Yesterday was another of those moments. Against all odds a strong corporate responsibility law pushed by Sen. Paul Sarbanes (D-MD) had passed both houses and landed on the President's desk. Just a month ago the measure was given no chance of passage as House and Senate Republicans worked feverishly to bottle the Sarbanes measure in committee. But, with corporate America looking a bit like Pearl Harbor the day after, and public anger at the boiling point, Republicans deserted the White House and rushed to support the Sarbanes bill. Now the President had to sign the thing.
The setting was, by bill-signing standards, low key - just a modest table surrounded with a handful of non-headline-provoking individuals. Missing were the likes of Federal Reserve Chairman, Alan Greenspan and Vice President Dick Cheney. Cheney preferred to attend a fundraiser in Ohio rather than be photographed standing next to a block-letter sign reading "Corporate Responsibility."
The White House usually releases a list of prominent chief executives who attend East Room events, but no list was released yesterday.
Now that the measure is law, critics are already alleging that the administration has begun watering down enforcement of the law. Less than eight hours after the signing, the White House issued its first "interpretation" of the law that Democrats say is the first attempt by Republicans to sabotage the stronger provisions of the law.
The White House statement said the administration would provide federal job protection for employees who are cooperating with an investigation authorized by the law. But, Sen. Patrick J. Leahy (D-VT), who helped draft parts of the measure, said that section was intended to also apply to whistle-blowers who provide evidence of fraud to an individual lawmaker, even before a formal investigation is launched.
President Bush and Republican lawmakers backed a weaker House measure, but shifted in recent weeks to support Democrats in cracking down on accounting firms and corporate boards as polls showed the public favored the stronger reform.
Embattled SEC Chairman Harvey L. Pitt, a Bush nominee and former lawyer for major accounting firms, also sounded a hesitant tone when asked how vigorously the SEC would enforce the new law.
"We've got our hands full, but we're going to do it," Pitt said.
Following the signing, Pitt held a private lunch with Rep. Michael Oxley (R-OH), who had authored the weaker measures passed by the House and backed by the President. Oxley put the best face he could on what can only be considered a defeat for his measure. "Paul's (Sarbanes' bill) was more prescriptive," he said. "We gave greater latitude to the SEC. It was a difference of philosophy."
The new law comes at a particularly inopportune time for the administration. Vice President Cheney faces an SEC inquiry into accounting changes made by Halliburton Co. when he was chief executive. While Cheney was absent from the signing, he was not entirely forgotten.

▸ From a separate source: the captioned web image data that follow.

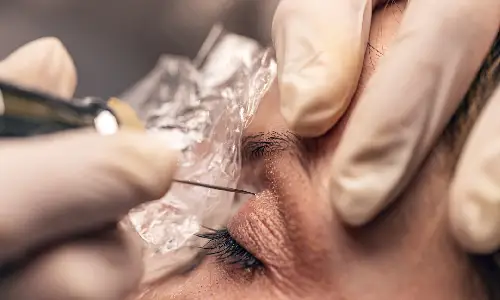 Under-Eye Fillers | Plastic Surgery Indian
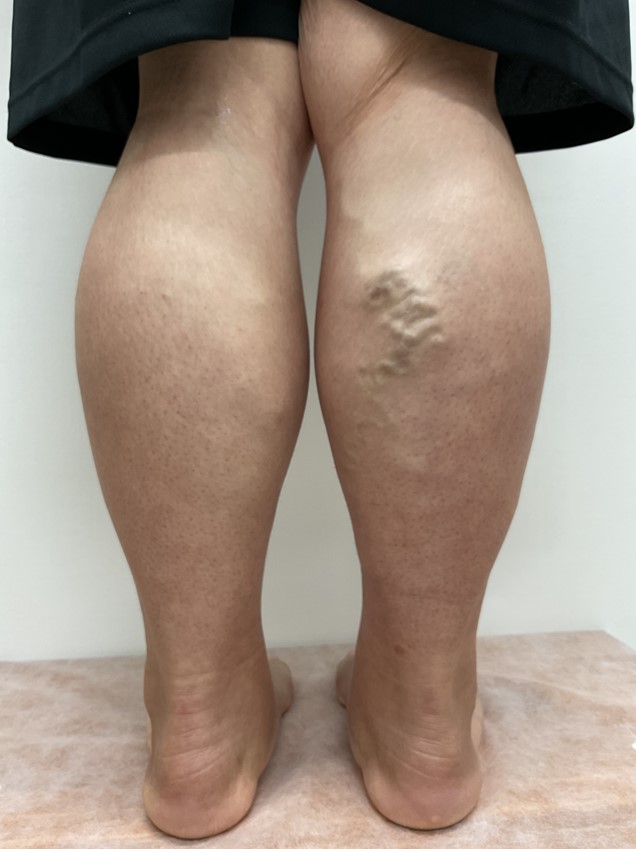 下肢静脈瘤の症例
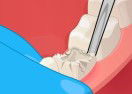 Operate Now! Dental Implant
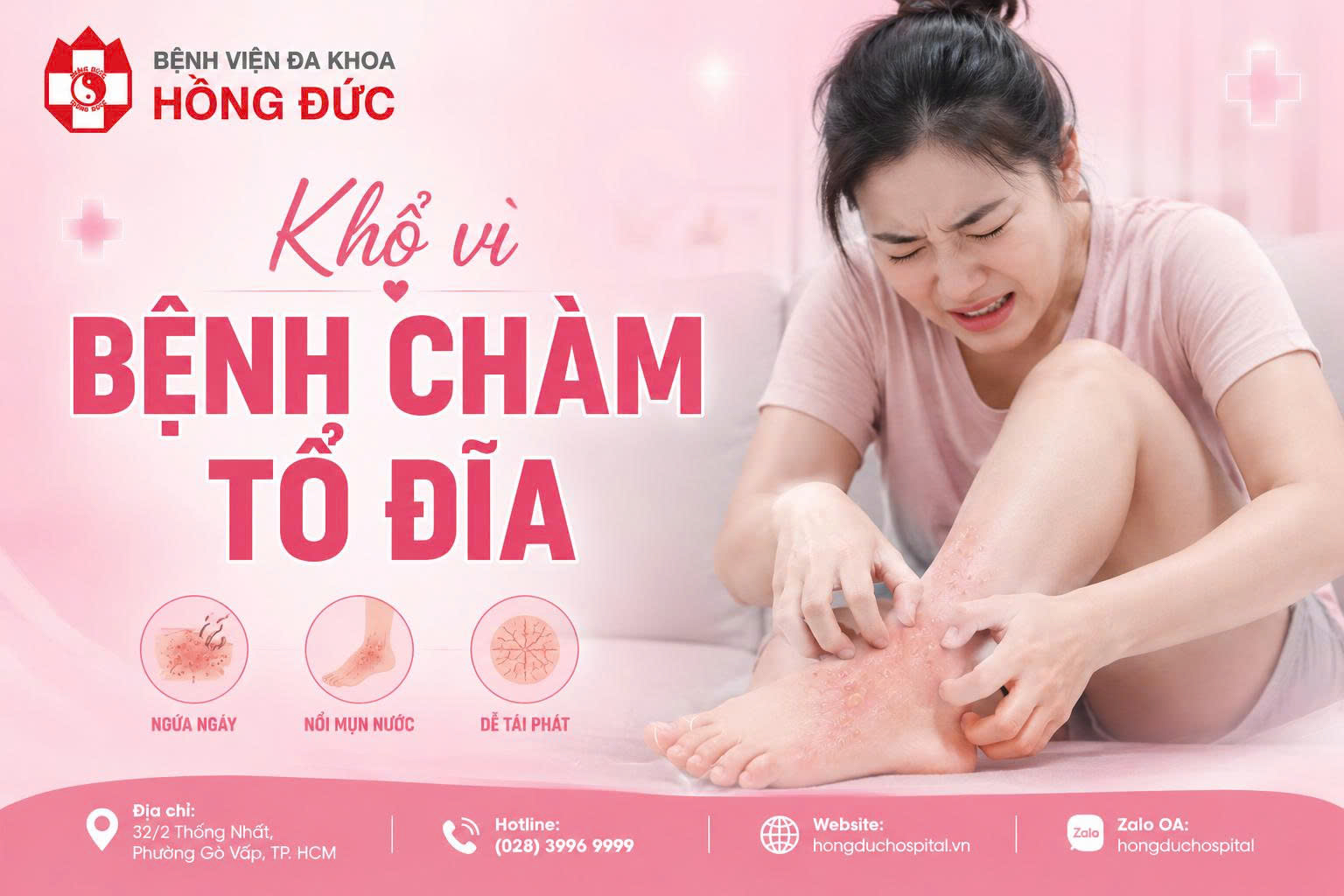KHỔ VÌ BỆNH CHÀM TỔ ĐỈA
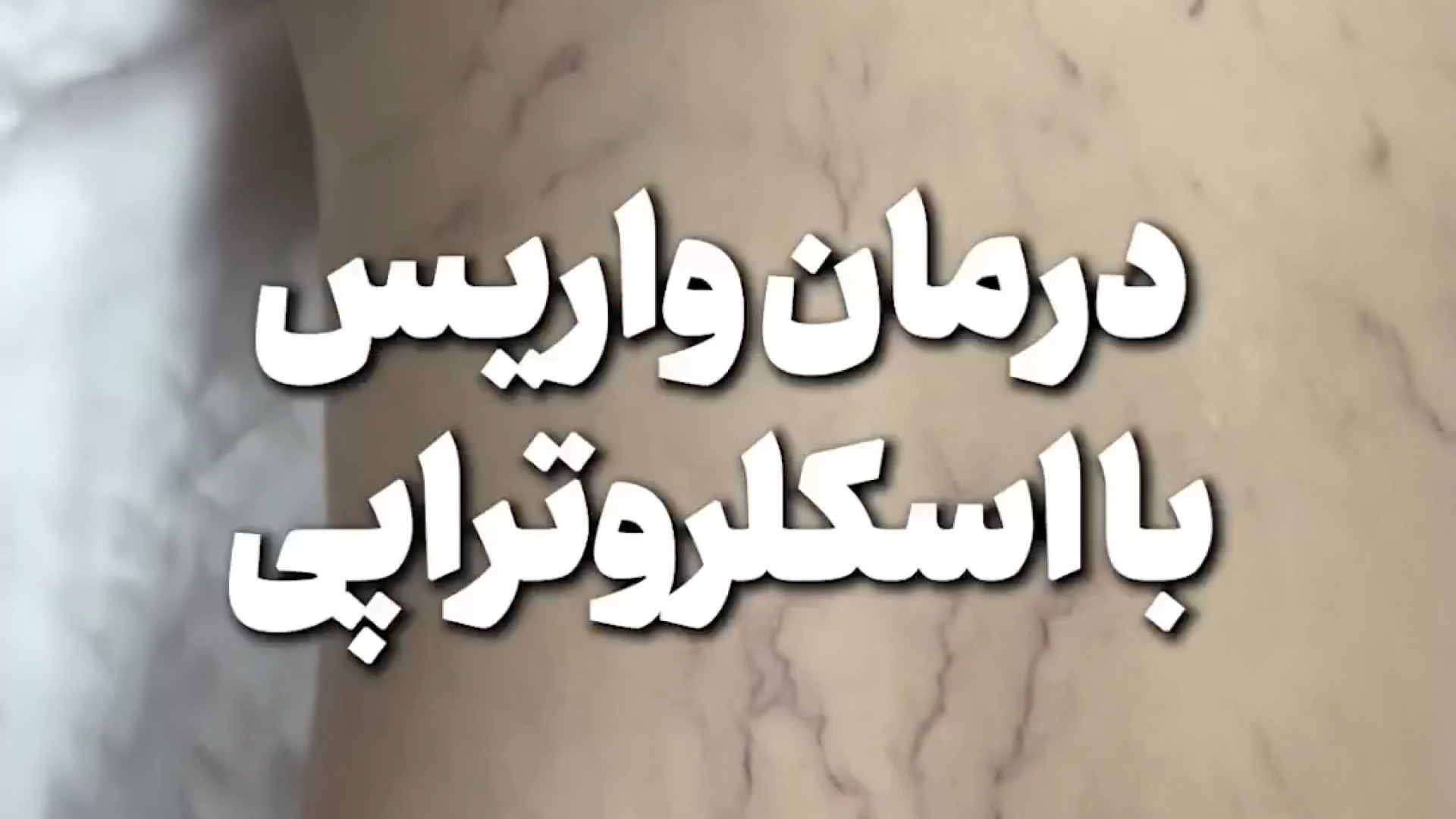 درمان واریس با اسکلروتراپی دکتر امیر سلیمانی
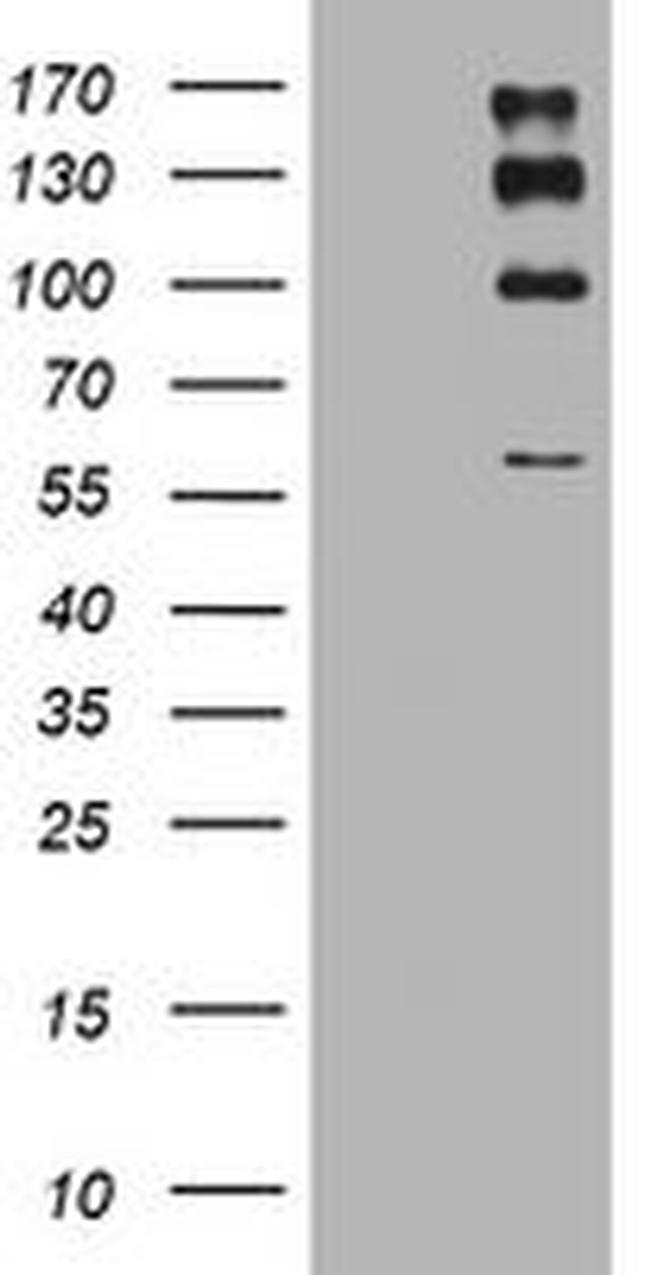 ALK Antibody in Western Blot (WB)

He was spoofed by a protester dressed as Hallibacon, "the corporate crime-fighting pig."
It had to be a personally awkward moment for the President who was sitting before the red, white and blue, "Corporate Responsibility" poster at a time when his own behavior as a corporate executive is under public scrutiny.
Reaction to the signing was as underwhelming as the ceremony. Bush predicted that enacting the bill would boost investor confidence and send the stock market back up. Apparently investors missed the point because the Dow dropped nearly 32 points.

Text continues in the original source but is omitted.